QBs are typically issued well below that of the current cycle's tax treasury (in this case, "Week 4" as stated under Issuance), where users can purchase 2.5% rate one-week maturity bonds for a maximum of 7500 $USDC (paired with a $20,000 tax pool), below are four examples of how the DAO handles bond repayments;

  • Generally positive: The DAO's investment is positive, clearing what's owed to bond holders, earning 3.5% on the asset choices. The bond holders redeem their 2.5% on their original $7,500 as 7687.5 $USDC.

  • Strong positive: The DAO's investment is strongly positive, earning 8% on the asset choice, the bond holder redeems 7687.5 $USDC as above but with an additional $206.25 of $QD at market value at maturity (see here for a bonus scenario).

  • Net-negative (A): The DAO's investment under performs what's owed to bonds at +1% cycle profit. The bond holder redeems 7575 $USDC in addition to $112.50 of market-rate $QD. This satisfies the bond holder's expected total value of $7,687.50 of market value at maturity.

  • Net-negative (B): when strongly negative (in this example, -20%), the user collects 6000 $USDC and $1687.50 of $QD at market rate from the DAO's end of cycle buyback event.

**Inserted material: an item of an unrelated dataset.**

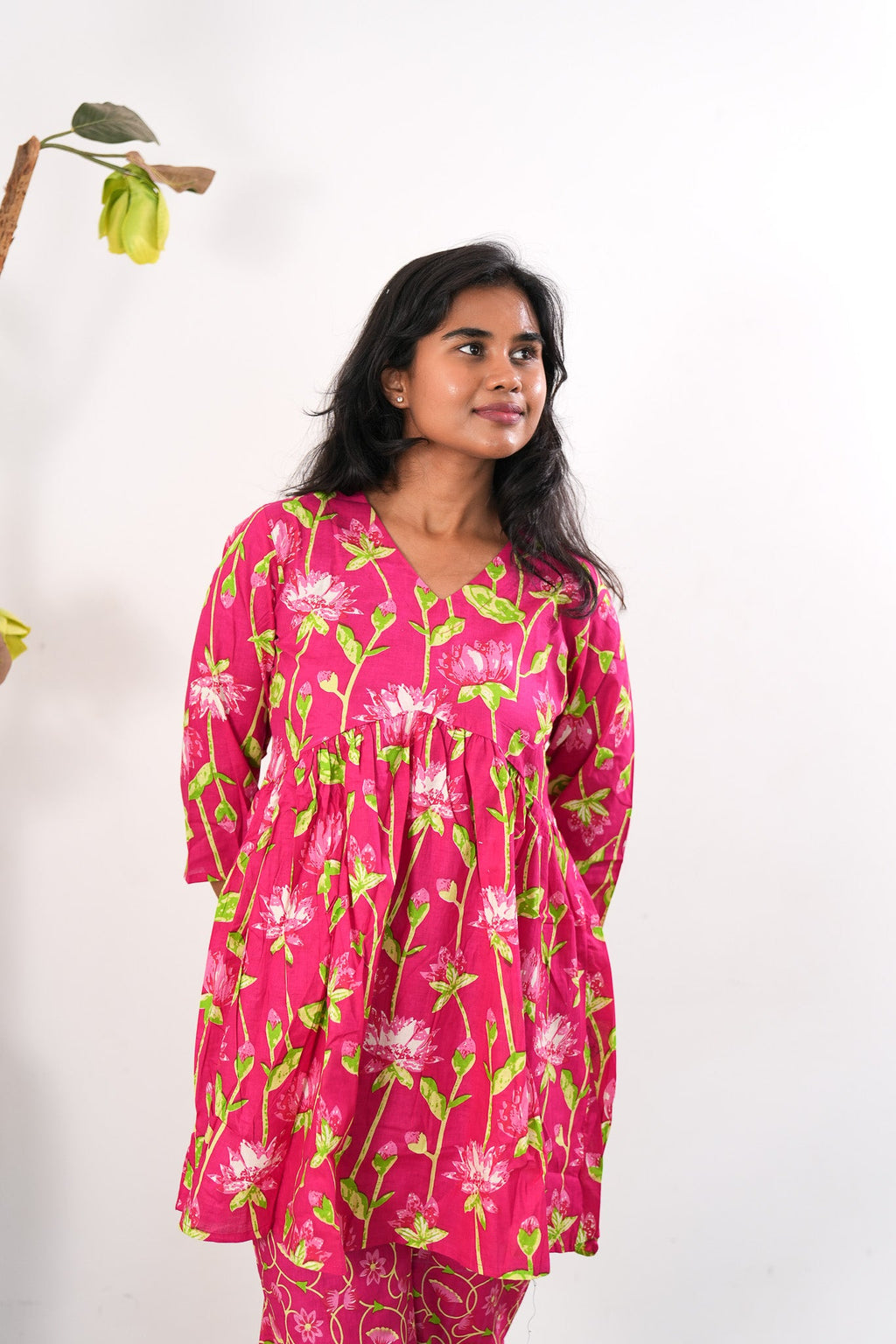 Rani pink tulips cotton comfies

Under each scenario, the post-investment deflationary treasury pool's value greatly exceeds the compensatory payout for bond holders. Even during "Net-negative B" where the weekly investment realizes 20% losses, only 12% is required from the current tax period treasury, still producing a net-deflationary effect on $QD. In this scenario, $QD only becomes net-inflationary for the period in excess of a -55% loss.